BEGIN PROVIDED INFORMATION
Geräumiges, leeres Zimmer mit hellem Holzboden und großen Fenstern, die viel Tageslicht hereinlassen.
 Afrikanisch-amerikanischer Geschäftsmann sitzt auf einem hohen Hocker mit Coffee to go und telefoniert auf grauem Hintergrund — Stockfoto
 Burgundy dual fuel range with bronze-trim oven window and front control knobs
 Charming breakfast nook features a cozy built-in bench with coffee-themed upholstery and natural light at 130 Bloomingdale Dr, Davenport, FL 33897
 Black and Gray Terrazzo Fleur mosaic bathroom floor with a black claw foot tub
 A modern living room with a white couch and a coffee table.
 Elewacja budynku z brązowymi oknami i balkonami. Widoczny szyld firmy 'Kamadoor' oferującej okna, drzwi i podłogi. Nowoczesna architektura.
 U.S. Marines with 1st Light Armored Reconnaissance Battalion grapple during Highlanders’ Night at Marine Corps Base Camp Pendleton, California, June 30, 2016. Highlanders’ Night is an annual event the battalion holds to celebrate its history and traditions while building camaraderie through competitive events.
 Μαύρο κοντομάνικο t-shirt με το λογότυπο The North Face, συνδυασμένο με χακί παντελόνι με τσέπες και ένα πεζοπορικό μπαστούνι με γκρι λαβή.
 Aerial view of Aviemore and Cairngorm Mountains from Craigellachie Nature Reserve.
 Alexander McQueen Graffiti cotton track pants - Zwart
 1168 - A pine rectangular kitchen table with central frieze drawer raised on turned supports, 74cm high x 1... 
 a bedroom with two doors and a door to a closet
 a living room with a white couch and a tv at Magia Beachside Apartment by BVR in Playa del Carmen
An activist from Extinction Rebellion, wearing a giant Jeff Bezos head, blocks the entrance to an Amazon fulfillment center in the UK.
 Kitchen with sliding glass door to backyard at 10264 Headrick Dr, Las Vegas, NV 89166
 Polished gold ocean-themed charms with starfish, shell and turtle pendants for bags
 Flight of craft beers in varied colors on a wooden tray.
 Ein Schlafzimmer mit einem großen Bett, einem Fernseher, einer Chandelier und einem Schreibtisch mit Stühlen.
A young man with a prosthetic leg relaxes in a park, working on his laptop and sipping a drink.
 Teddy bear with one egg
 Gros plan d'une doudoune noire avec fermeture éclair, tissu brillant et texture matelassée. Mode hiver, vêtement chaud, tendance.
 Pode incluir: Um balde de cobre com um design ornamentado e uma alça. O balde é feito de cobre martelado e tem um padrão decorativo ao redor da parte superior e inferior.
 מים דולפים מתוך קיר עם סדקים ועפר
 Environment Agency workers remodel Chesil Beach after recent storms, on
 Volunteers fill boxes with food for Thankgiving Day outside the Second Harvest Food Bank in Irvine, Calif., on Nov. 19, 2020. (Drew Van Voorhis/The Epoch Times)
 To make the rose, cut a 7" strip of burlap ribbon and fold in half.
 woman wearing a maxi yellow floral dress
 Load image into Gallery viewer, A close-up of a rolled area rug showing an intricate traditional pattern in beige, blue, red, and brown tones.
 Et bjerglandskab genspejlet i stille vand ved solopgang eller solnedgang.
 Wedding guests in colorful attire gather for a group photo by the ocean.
END PROVIDED INFORMATION
▶ [INSTRUCTIONS TO FOLLOW]: From the entries above, extract every line where the word "themed" appears.

▶ [RESPONSE]:
 Charming breakfast nook features a cozy built-in bench with coffee-themed upholstery and natural light at 130 Bloomingdale Dr, Davenport, FL 33897
 Polished gold ocean-themed charms with starfish, shell and turtle pendants for bags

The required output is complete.